Anna Łajming.

Anna Łajming (née Anna Żmuda Trzebiatowska; 24 July 1904 in the Kashubian village of Przymuszewo, Chojnice County – 13 July 2003 in Słupsk, Pomeranian Voivodeship, Poland), one of thirteen children born to Jan and Marianna Żmuda Trzebiatowski.

Anna Lajming Street in Słupsk, Poland

Although Anna Łajming was a prolific writer of Kashubian and Polish short stories, novels, memoirs, and plays, she did not publish her first work until 1958. As a young woman, she did clerical work in various towns including Tczew, where she met and married in 1929 a Tsarist Russian refugee named Nikolai Łajming.
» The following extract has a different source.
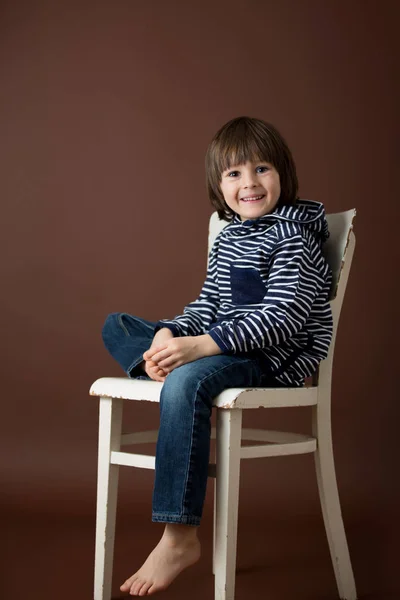 Dulce niño preescolar, haciendo caras con diferentes emociones —  Fotos de Stock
They were the parents of a daughter, Wera, and a son, Włodzimierz.[1] In 1953 she and her family moved to Słupsk, where her husband's White Russian background would attract less unfavorable notice.[2] In 2011, Blanche Krbechek and Stanisław Frymark published The Four Leafed Clover, an English translation of her 1985 short story collection Czterolistna Koniczyna.[3]

In 1974, Anna Łajming was awarded the "Stolem" medal by the Kashubian-Pomeranian Association for her contributions to Kashubian culture.[4] On 29 March 2000 she was named an honorary citizen of the city of Słupsk. In 2005, the city of Słupsk named Anna Łajming Street (ulica ul. Anny Łajming) in her honor.